---------- Recorded information

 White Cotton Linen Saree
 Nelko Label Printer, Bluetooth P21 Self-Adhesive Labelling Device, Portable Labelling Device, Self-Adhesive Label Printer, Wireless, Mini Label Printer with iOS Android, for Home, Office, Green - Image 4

--------------------
---------- Recorded information

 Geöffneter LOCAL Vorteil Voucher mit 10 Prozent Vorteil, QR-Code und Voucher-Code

--------------------

▸ The task: Look above for the line holding "White Cotton Linen Saree", then set down exactly that line and every line after it up to and including the line holding "Nelko Label Printer, Bluetooth", with nothing else.

▸ Solution for this problem:
 White Cotton Linen Saree
 Nelko Label Printer, Bluetooth P21 Self-Adhesive Labelling Device, Portable Labelling Device, Self-Adhesive Label Printer, Wireless, Mini Label Printer with iOS Android, for Home, Office, Green - Image 4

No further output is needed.